**AIM OF THE TASK:**
Exact duplicates of the lines from the top of the data through the line containing "Zdjęcie 9 z" are needed, with every picture left out.
--- SUPPLIED INFORMATION ---
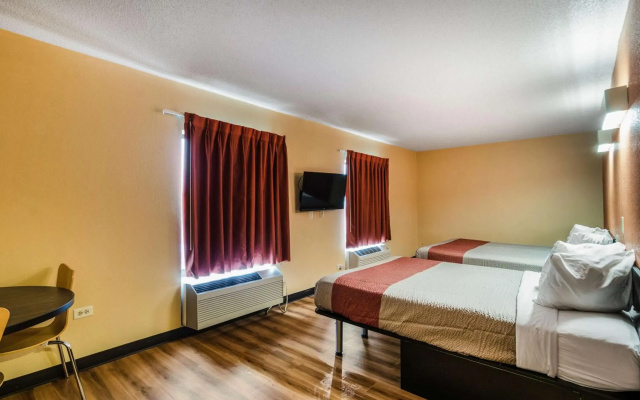 Motel 6 Libertyville, IL
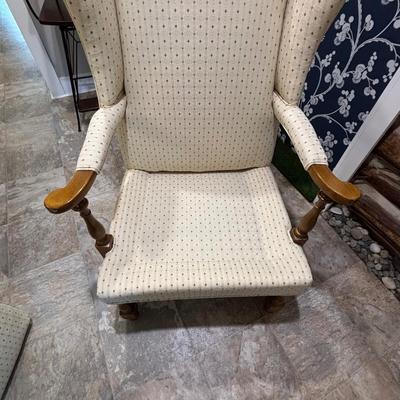 LOT 84: Ethan Allen Accent Chair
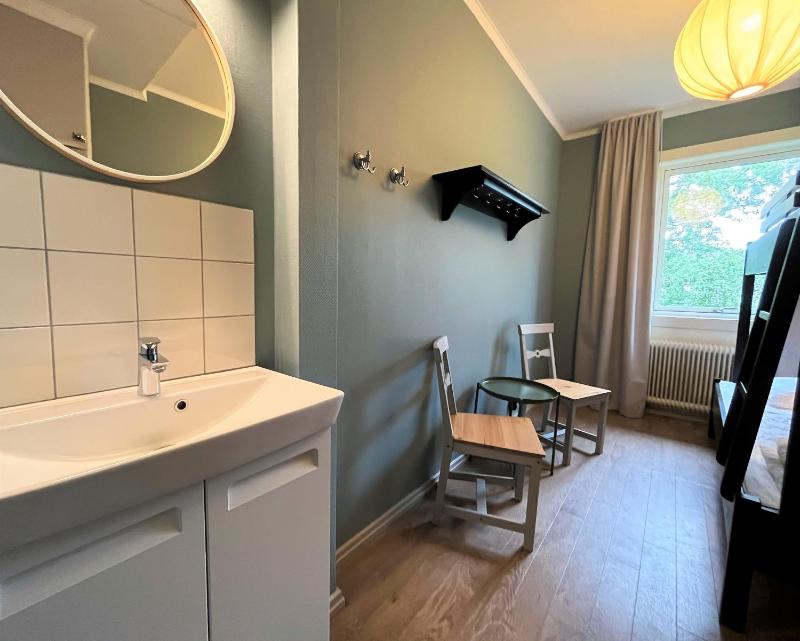 Budget Twin Room with Shared Bathroom image 3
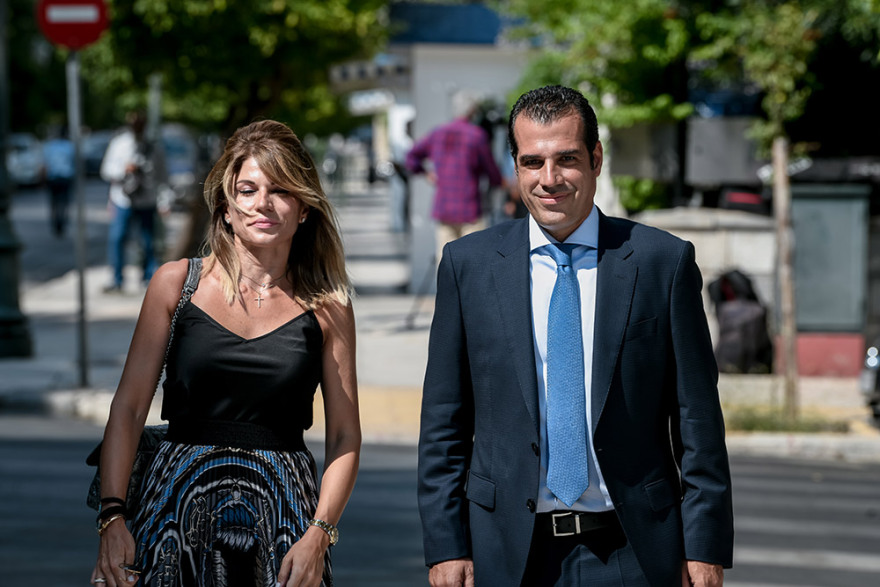 Ορκίστηκαν οι νέοι υπουργοί και υφυπουργοί- Δείτε βίντεο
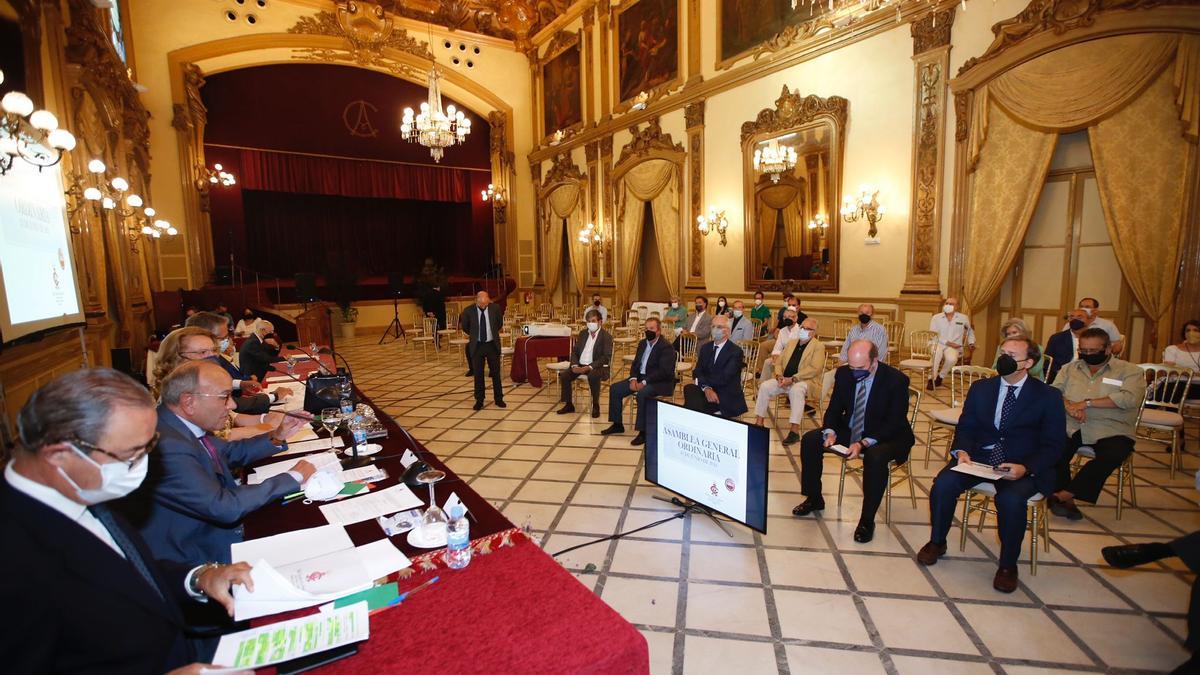 Asamblea general ordinaria del Real Círculo de la Amistad de Córdoba, en el salón Liceo de la entidad.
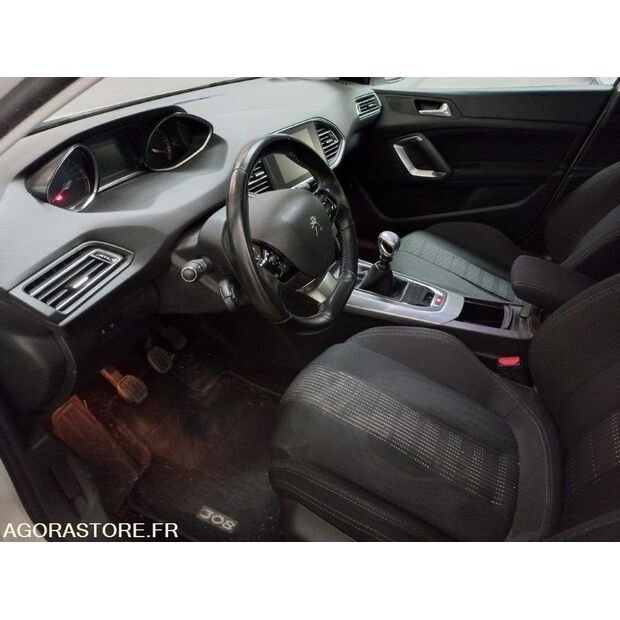 2016 بيجو 308-44925492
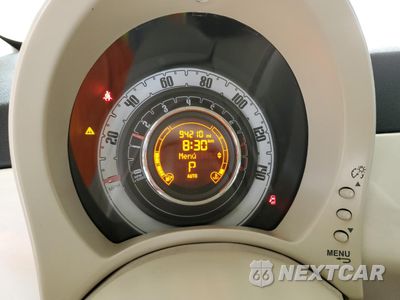 Zdjęcie 9 z 12 samochodu: 2013 FIAT 500 LOUNGE VIN:3C3CFFER0DT727738 - miniatura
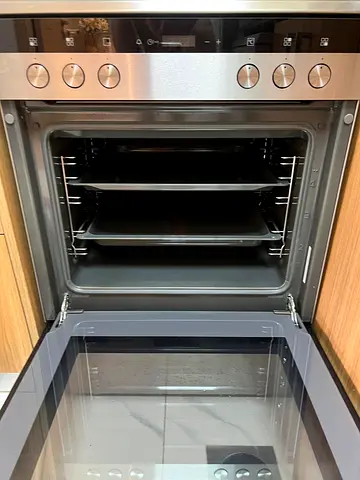 Siemens 60×60 cm Electric Cooker with Ceramic Hob - Good Working Condition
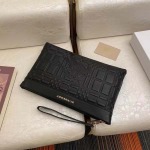 2025年9月8日入荷新作Burberry/人気/本革/バッグ 人気 おすすめ 父の日 誕生日/ギフト プレゼント 結婚式男友達の誕生日プレゼント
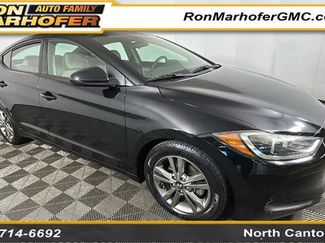 Used 2017 Hyundai Elantra SE FWD video 1
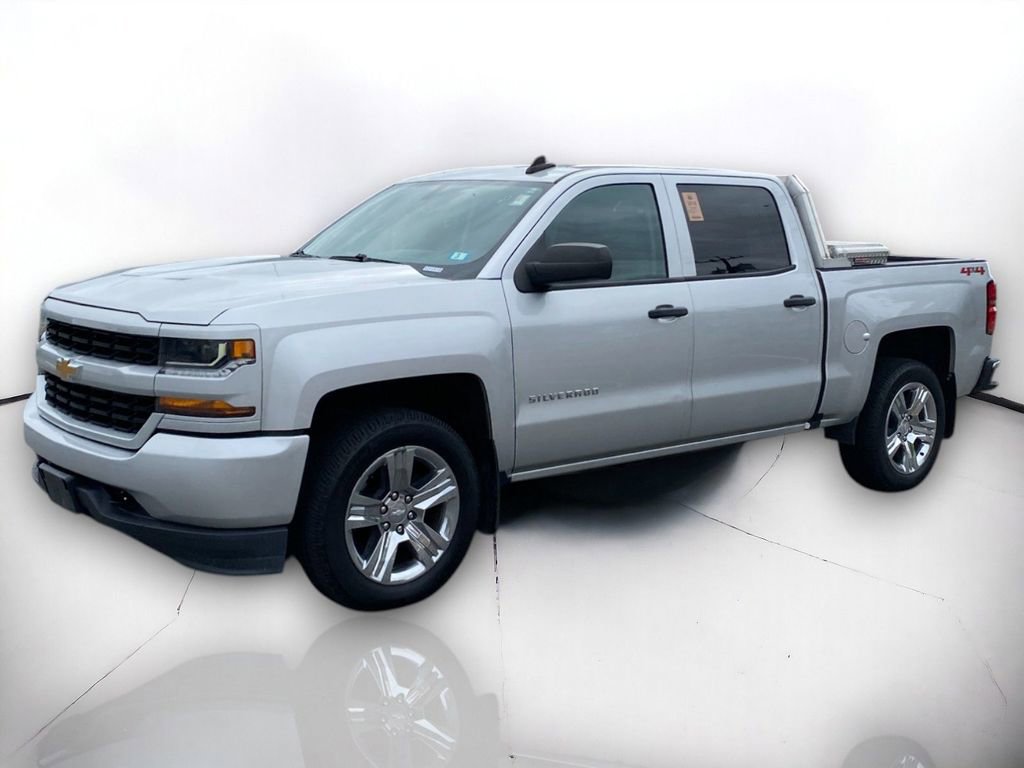 Used 2018 Chevrolet Silverado 1500 Custom w/ Custom Value Package image 2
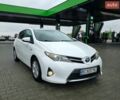 Белый Тойота Аурис, объемом двигателя 1.8 л и пробегом 216 тыс. км за 12000 $, фото 1 на Automoto.ua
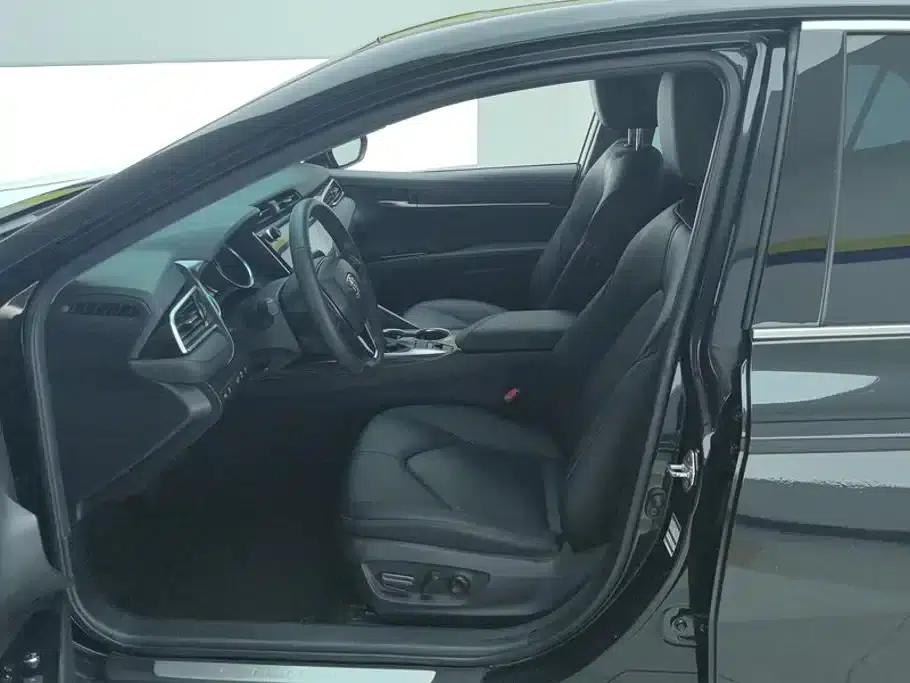 Camry 2019 Facelift 2.0G Luxury Edition — миниатюра 9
---
**SOLVED PROBLEM:**
 Motel 6 Libertyville, IL
 LOT 84: Ethan Allen Accent Chair
 Budget Twin Room with Shared Bathroom image 3
 Ορκίστηκαν οι νέοι υπουργοί και υφυπουργοί- Δείτε βίντεο
 Asamblea general ordinaria del Real Círculo de la Amistad de Córdoba, en el salón Liceo de la entidad.
 2016 بيجو 308-44925492
 Zdjęcie 9 z 12 samochodu: 2013 FIAT 500 LOUNGE VIN:3C3CFFER0DT727738 - miniatura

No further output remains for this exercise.